Taking a familiar concept and moulding it in their own rascally way, Tibbett and co-writer Janice Hallett are able to sculpt an engaging, thought-provoking and unnerving three-hander. Particularly for the first half, Retreat unfolds as an aptly taut, intimate thriller, playing to its strengths and retaining full focus on Martin and Kate as the nightmarish scenario rocks them to the core.

Disappointingly, however, towards its final act it forces itself ahead too quickly and endorses a few too many horror contrivances for its own good, resulting in an ending that feels somewhat unsuited to the meditative narrative that came before. These, however, are minor issues and tolerable considering their writing inexperience.

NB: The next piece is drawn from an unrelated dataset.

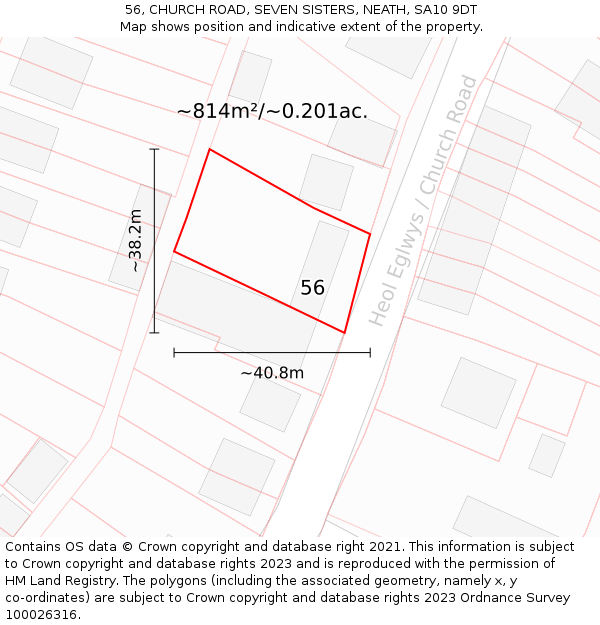56, CHURCH ROAD, SEVEN SISTERS, NEATH, SA10 9DT: Plot and title map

Like his writing style, Tibbett’s direction is evidently a work-in-progress. But, from what’s on display, it represents an up-and-coming talent who, with the right source material and level of control, could take the cinematic world by storm. His use of penetrating camera angles, tenebrous lighting and tactical use of IIan Eshkeri’s enervating score all contribute to the sinister tone surrounding the unpredictable proceedings.

Perhaps its biggest strength comes in the form of its adept cast. Newton and Murphy deliver convincing performances as the emotionally plagued couple, in spite of their underwritten personas and apprehensive chemistry. Meanwhile, Bell assumes authority as the cryptic Jack, himself unsure of his intentions, but nevertheless merciless in his wicked demeanour.

Through a skilled cast, gutsy direction and unnerving unpredictability, Tibbetts, despite a carelessly enforced midway shift, has fashioned an admirable directorial debut in Retreat.